Outside the revision cycle an elector can seek correction or inclusion at any time by filing the appropriate forms in duplicate. The registration officer displays the request for seven days, hears any objection that turns up and passes a speaking order. An appeal from this order lies to the District Election Officer within the same fifteen-day window, and delay can be condoned for sufficient cause.

To reduce impersonation the Commission can order photo-identity cards for any ward. The registration officer will then prepare a card in duplicate at government cost, affix the elector’s photograph and his own facsimile signature and hand one copy to the voter. If the elector refuses to be photographed or cannot be found after repeated visits the fact is noted and no card is issued, but the name stays on the roll.

Once the election is over the officer must preserve one complete copy of the roll and every connected paper—enumeration cards, claim files, appeal orders—for at least one year beyond the next intensive revision. One authenticated copy is kept as a permanent record and any citizen can inspect the bundle or pay for attested copies. After the preservation period the papers are destroyed under the District Election Officer’s supervision, while surplus printed copies can be sold to the public at a price fixed by the Commission.

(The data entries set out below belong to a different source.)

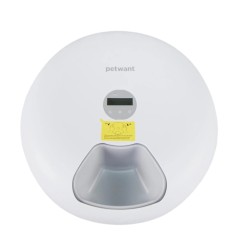 Автоматическая кормушка для животных Xiaomi Petwant F6 Smart Pet Feeder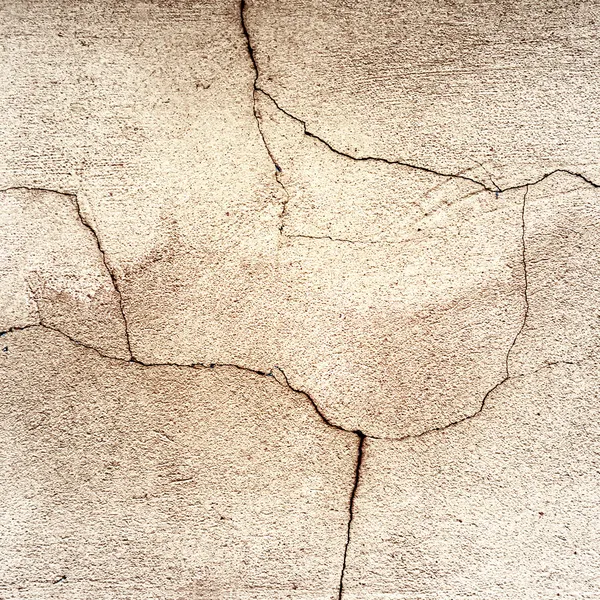 Background old cracked walls of the building — Free Stock Photo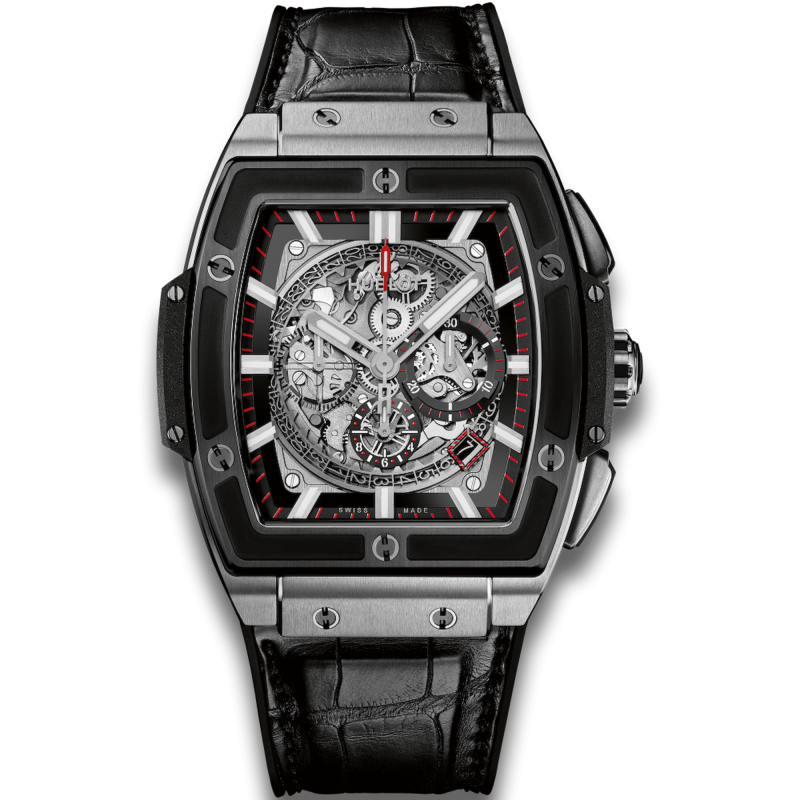 Hublot Spirit of Big Bang Ref. 601.NX.0173.LR - Tomasini Francia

A special chapter allows the Commission to dispense with door-to-door enumeration altogether and simply adopt the current legislative-assembly roll, ward-bounded and cleansed, for city-corporation elections. All the freeze clauses and appeal provisions apply to this short-cut method as well.

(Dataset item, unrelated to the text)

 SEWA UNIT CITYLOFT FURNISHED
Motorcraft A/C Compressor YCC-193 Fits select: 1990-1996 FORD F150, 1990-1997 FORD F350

Every officer or member of staff who works on the rolls is deemed to be on deputation to the State Election Commission and remains under its control and discipline. Any registration officer, enumerator or assistant who commits a deliberate breach of duty without reasonable cause is guilty of gross misconduct and faces disciplinary action on the binding recommendation of the District Election Officer.

These rules, running to thirty-two sections and as many forms, turn the abstract promise of universal adult franchise into a house-by-house, street-by-street reality. They give the ordinary resident of Bengaluru the right to watch his name being written, questioned, moved or removed, and they give the city a living document that will shape its local democracy for every election that follows.